The military regime that seized power in 1980 was less tolerant of an independent bureaucracy than its predecessor had been in 1960. Accordingly, it took measures designed to reduce the bureaucracy's autonomy and involvement in partisan politics. For example, civil servants lost the right to challenge or appeal decisions made by members of the Council of Ministers or the Council of State. Martial law commanders were empowered to remove or reassign civil servants under their jurisdiction at their own discretion. In April 1981, a Supreme Board of Supervision was established to oversee the bureaucracy. Its investigations resulted in a large number of officials receiving administrative or penal punishments and prompted many senior bureaucrats to leave government service. The tension between the military government and the civil service did not cease with the end of military rule. When Turgut Özal became prime minister at the end of 1983, he proclaimed that streamlining the bureaucracy was part of the fundamental administrative reform he intended to implement. Gradually, however, cooperation between bureaucrats and political leaders was restored; by the early 1990s, it was no longer fashionable to blame civil servants for the country's problems.

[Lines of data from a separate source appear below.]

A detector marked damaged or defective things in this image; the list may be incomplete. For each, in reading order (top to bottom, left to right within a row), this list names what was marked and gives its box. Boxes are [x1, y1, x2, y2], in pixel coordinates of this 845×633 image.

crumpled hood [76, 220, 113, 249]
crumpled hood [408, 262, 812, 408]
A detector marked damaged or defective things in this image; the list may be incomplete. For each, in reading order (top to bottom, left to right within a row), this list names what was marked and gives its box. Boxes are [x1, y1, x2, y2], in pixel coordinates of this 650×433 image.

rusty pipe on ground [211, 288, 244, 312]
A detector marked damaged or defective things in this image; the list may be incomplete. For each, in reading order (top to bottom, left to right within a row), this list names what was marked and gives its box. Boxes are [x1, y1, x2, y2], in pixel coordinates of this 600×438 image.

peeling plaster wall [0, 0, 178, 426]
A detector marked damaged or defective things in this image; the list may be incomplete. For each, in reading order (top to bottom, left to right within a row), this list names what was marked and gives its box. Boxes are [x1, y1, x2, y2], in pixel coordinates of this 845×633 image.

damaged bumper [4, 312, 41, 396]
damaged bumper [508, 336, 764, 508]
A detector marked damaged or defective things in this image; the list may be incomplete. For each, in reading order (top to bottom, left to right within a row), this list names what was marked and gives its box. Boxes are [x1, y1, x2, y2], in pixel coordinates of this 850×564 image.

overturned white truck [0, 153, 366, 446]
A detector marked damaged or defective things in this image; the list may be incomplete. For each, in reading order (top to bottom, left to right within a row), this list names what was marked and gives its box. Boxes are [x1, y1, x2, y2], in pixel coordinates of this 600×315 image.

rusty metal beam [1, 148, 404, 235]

In early 1995, the civil service operated in accordance with provisions stipulated in the 1982 constitution and subsequent regulations. For example, civil servants are appointed for life on the basis of competitive examinations and can be removed from their posts only in exceptional cases. They must remain loyal to the constitution and may not join political parties. If a public employee wishes to compete in National Assembly elections, that individual first must resign from government service. All disciplinary decisions pertaining to civil servants are subject to judicial review.

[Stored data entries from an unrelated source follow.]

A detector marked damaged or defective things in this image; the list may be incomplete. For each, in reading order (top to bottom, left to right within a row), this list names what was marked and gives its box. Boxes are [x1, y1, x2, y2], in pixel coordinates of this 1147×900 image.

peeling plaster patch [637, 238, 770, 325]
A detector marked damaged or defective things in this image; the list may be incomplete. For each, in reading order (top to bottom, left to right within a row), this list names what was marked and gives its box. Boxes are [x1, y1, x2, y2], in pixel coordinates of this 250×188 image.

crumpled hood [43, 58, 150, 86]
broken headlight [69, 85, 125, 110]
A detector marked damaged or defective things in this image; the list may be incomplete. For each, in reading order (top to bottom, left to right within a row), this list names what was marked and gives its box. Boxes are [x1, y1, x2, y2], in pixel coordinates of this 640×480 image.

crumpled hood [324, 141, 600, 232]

Since the military coup of 1960, Turkish politics have been characterized by two opposing visions of government. According to the "rule from above" view, which has been dominant among the military elite and some of the civilian political elite, government is an instrument for implementing the enduring principles of Kemalism. Thus, if a government fails to carry out this mandate, it must be replaced by those who are the guardians of Atatürk's legacy, which is identified as synonymous with Turkish nationalism. In contrast, the "rule from below" view, which predominates among more populist-oriented politicians and thinkers, tends to regard government as an instrument for protecting the civic rights and individual freedoms of Turkish citizens. Thus, if elected leaders fail in their responsibilities, they should be voted out of office. Supporters of the first view tend to interpret democracy as a political order in which all Turks share common goals and national unity is not disrupted by partisan politics. When they perceive partisan politics as threatening this democratic ideal, they back military intervention as a corrective measure. Those favoring rule from below tend to accept diversity of opinion, and its organized expression through competitive political parties, as normal in a healthy democracy. These two very different conceptions of government have contributed significantly to Turkey's political history since 1960, an era in which periods of parliamentary democracy have alternated with periods of military authoritarianism.
The legacy of military intervention, in particular a general fear among politicians that it may recur, has adversely affected democratic practices in Turkey. For instance, the successor civilian governments have lifted only gradually the harsh restrictions imposed on political rights by the 1980-83 regime. In early 1995, various restrictions on the formation of political parties and free association remained in effect; civilians accused of "crimes against the state" continued to be remanded to military courts for detention, interrogation, and trial.